"Please leave the gentleman alone," former India captain Sunil Gavaskar said of Mahendra Singh Dhoni, insisting that the veteran's value to the team cannot be calculated despite the lack of consistency. Dhoni turned back the clock with a match-winning half century against Australia in the second one-dayer in Adelaide, even hitting one of those trademark last-over sixes. The well-timed knock eased the pressure he has been under under due to inconsistent form. "My prayer is to please leave the gentleman alone and he will continue to do well. He is also not getting younger. So the consistency you might have at a younger age will obviously not be there and you have to bear with that," Gavaskar told 'India Today'.
The 37-year-old two-time World Cup winning former captain's future is one of the most debated topics in Indian cricket right now but Gavaskar feels he deserves better. "Bear with that little inconsistency. But he's still tremendous value to the team... That value you cannot calculate at all," the batting great said. Elaborating on what he thought makes Dhoni a crucial cog, Gavaskar said the veteran stumper's reading of the game and match situations is impeccable from behind the stumps. "He keeps telling the bowlers to bowl a particular delivery, what a batsman is planning to do. He has a sense of what a batsman is thinking...What the batsman is looking to do now...is he looking to get out of jail kind of shot?" he said.
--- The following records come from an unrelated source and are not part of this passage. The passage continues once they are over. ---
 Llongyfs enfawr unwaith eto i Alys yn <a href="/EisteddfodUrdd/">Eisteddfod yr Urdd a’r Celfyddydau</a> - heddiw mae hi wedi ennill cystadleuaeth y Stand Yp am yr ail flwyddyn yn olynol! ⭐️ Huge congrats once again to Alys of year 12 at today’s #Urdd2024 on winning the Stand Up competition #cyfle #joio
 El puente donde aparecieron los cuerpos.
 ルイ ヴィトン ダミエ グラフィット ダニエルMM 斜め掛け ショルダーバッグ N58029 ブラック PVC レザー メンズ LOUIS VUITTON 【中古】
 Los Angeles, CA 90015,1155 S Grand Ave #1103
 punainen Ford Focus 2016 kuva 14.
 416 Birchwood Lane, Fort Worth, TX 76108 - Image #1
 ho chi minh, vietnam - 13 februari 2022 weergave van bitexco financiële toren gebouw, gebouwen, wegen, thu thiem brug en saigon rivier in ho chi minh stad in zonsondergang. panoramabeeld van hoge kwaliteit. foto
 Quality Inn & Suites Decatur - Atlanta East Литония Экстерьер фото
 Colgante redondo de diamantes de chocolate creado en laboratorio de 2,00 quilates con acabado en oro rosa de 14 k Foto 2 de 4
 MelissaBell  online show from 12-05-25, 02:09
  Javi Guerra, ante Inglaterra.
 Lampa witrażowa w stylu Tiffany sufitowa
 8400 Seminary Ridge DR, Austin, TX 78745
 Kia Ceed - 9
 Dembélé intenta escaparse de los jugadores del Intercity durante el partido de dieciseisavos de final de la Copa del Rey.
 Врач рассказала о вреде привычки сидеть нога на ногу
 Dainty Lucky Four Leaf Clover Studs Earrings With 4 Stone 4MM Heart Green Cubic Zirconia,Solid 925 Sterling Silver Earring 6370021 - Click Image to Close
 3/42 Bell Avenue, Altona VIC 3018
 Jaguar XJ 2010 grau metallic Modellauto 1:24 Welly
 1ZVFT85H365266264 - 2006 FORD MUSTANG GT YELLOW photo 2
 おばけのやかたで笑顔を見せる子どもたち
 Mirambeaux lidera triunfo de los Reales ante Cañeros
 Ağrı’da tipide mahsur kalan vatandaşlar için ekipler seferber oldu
"These are the kind of things where Dhoni helps the bowlers and of course with the field placing because Virat is so important in the deep (as he fields outside 30-yard circle) in the final overs when he saves those two runs diving around, takes magnificent catches in the deep," he added. Gavaskar also spoke about the trust that current skipper Virat Kohli has Dhoni's assessment of situations. "...it's not possible for Virat to maybe have a conversation with the bowlers or to make adjustments to the square fielders. That is where Virat has complete faith and trust in Dhoni to make those little bit of adjustments for him," Gavaskar said.